Researchers recently spotted a miniature stomach, duodenum, and small intestine hidden among the cells of lung tumor samples.
Tumors are notoriously mixed up; cells from one part often express different genes and adopt different sizes and shapes than cells from another part of that same tumor. This discovery was still a surprise, however.
The team discovered that these cells had lost a gene called NKX2-1 that acts as a master switch, flipping a network of genes to set the course for a lung cell.
Without it, the cells follow the path of their nearest developmental neighbor – the gut -much like a train jumping tracks when a railroad switch fails.
The findings, published in Developmental Cell, underscore the amazing resilience and plasticity of cancer cells.
Such plasticity can presumably enable tumors to develop drug resistance, arguably the biggest challenge to successful cancer treatment.
“Cancer cells will do whatever it takes to survive,” says Purushothama Rao Tata, lead study author and assistant professor of cell biology at Duke University School of Medicine and a member of the Duke Cancer Institute.

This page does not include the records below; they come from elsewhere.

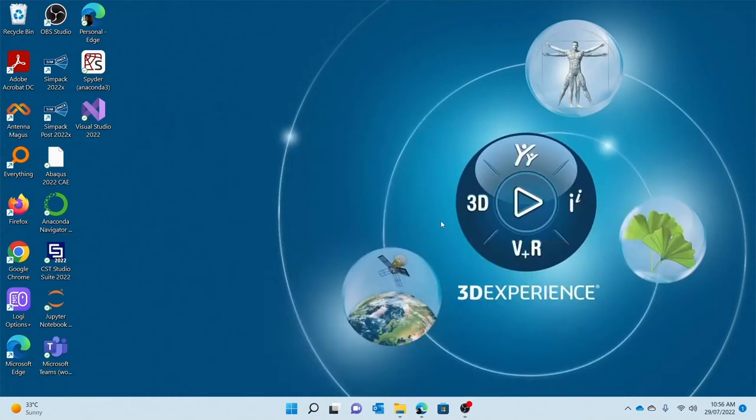Hello everyone, my name is Rahul and I'm a simulation engineer at Launch Tech Solutions. Today I will be presenting a demonstration on the Abaqus 2022 installation on a Windows client.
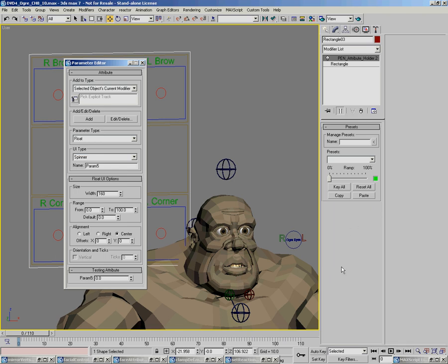But that isn't necessarily an efficient way to go about doing it. We don't really need all the spinners and sliders, unless you wanted them all here. You could actually have all the spinners and sliders, which you could use for resetting or typing in specific values.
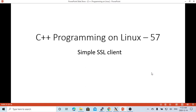Hello, this is Hui. Welcome to watch my video on C++ programming on Linux. In this short video, we are going to discuss another network protocol, SSL, and in this example, we are going to build a simple SSL client.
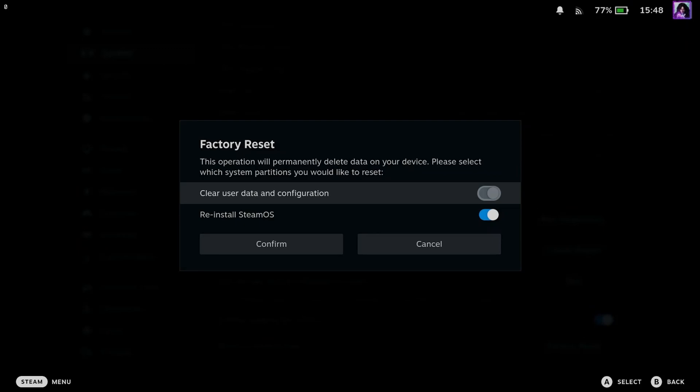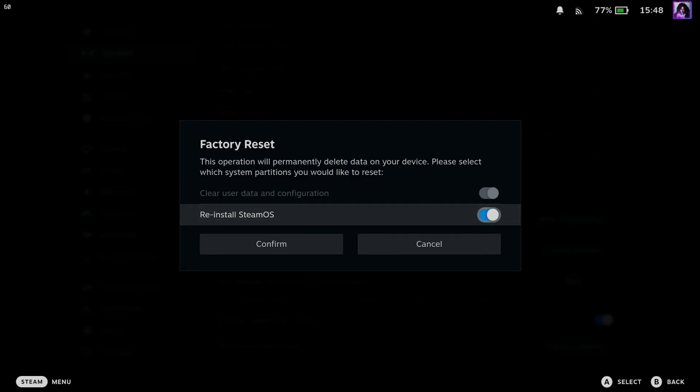So by default, clearing user data and configuration will automatically be reset, and you do also have the option if you want to reinstall SteamOS when it resets.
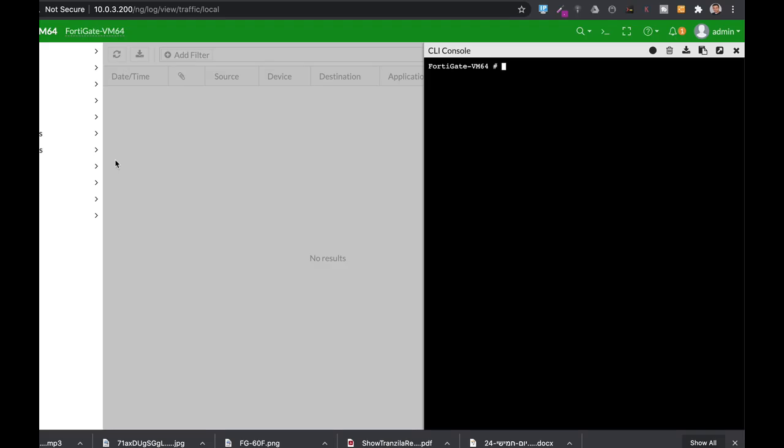Logs should be part of your auditing. When you audit a firewall, be sure that logs are there for at least 7 days. Look at the proper documentation of your firewall. Let's just do it here.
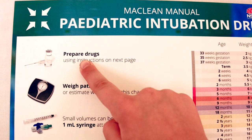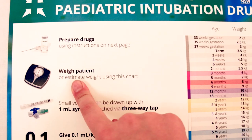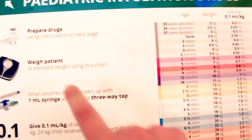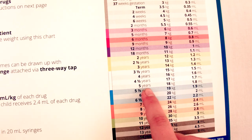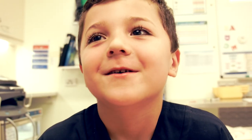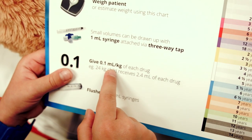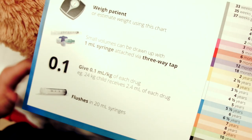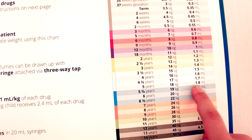Prepare drugs. Estimate weight: five years, 18 kilograms. Give 0.1 ml per kilo — 1.8 ml.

“Upon treatment with chemotherapy, lung cells shut down some of the key cell regulators and pick up the characteristics of other cells in order to gain resistance.”
Tata has spent most of his career studying the cell types that make up normal lung tissue and how these cells display flexibility during regeneration following an injury.

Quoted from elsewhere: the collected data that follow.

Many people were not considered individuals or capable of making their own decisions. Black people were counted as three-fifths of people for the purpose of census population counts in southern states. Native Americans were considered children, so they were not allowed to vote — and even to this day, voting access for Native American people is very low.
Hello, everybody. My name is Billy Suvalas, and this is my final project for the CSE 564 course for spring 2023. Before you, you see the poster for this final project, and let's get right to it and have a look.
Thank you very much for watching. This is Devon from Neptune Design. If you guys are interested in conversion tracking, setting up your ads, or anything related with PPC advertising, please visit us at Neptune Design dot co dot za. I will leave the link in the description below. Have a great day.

Tata began to wonder whether some of the same rules that he had found governing the normal development and regeneration of tissues might also be responsible for the jumbled nature of tumor cells.
He decided to focus on non-small cell lung cancer, which accounts for 80 to 85 percent of all lung cancer cases.
Lung cancer is the leading cause of cancer deaths worldwide, and has one of the lowest survival rates among all cancers.
Tata analyzed data from the Cancer Genome Atlas Research Network, a large consortium that has profiled the genomes of thousands of samples from 33 different types of cancer.
He found that a large proportion of non-small cell lung cancer tumors lacked NKX2-1, a gene known to specify the lung lineage.
Instead, many of them expressed a number of genes associated with esophagus and gastrointestinal organs.
In the absence of NKX2-1, Tata hypothesized, lung tumor cells would lose their lung identity and take on the characteristics of other cells.
Because during development lung cells and gut cells are derived from the same parent, or progenitor, cells, it made sense that once the lung cells lost their way they would follow the path of their nearest developmental sibling.
To test whether this was the case, Tata and his colleagues generated different mouse models. First, they knocked out the NKX2-1 gene in the lung tissue of mice.
Under the microscope, they noticed features that normally only appear in the gut, such as crypt-like structures and gastric tissues. Amazingly, these structures produced digestive enzymes, as if they resided in the stomach and not the lung.
Having shown that a simple genetic tweak could prompt lung cells to switch developmental tracks, Tata wondered if another tweak or two could fuel them to form tumors. This time, in addition to knocking out NKX2-1, they activated the oncogenes SOX2 or KRAS.
The team found that mice with the superimposed SOX2 mutations developed tumors that looked as if they belonged in the foregut; those with KRAS mutations developed tumors that resembled parts of the mid- and hindgut.
Tata and colleagues then wanted to know if these genes were sufficient to alter the fate of lung cells, or if they needed additional signals from their native microenvironment.
To answer this question, they developed a novel “mini-lung tumoroid” system—miniaturized versions of lung tumor tissue—and found that manipulation of genetics was enough for the lung cells to show such plasticity.
“Cancer biologists have long suspected that cancer cells could shape shift in order to evade chemotherapy and acquire resistance, but they didn’t know the mechanisms behind such plasticity,” says Tata.
“Now that we know what we are dealing with in these tumors – we can think ahead to the possible paths these cells might take and design therapies to block them.”
In the future, Tata plans to use his mini-lung tumoroid system to further explore the mechanisms of resistance in lung cancer cells.
The New York Stem Cell Foundation, the National Institutes of Health/National Heart, Lung, and Blood Institute Early Career Research New Faculty (P30) award, the Harvard Ludwig Cancer Center, the Massachusetts Eye and Ear Infirmary, a Harvard Stem Cell Institute Junior Investigator Grant, an NIH MSTP training grant, the Medical Scientist Training Program, an NIH/NHLBI Career Development Award, the Whitehead Scholar Program, the Maroni Research Scholar Program, and the HHMI Faculty Scholar Program funded the work.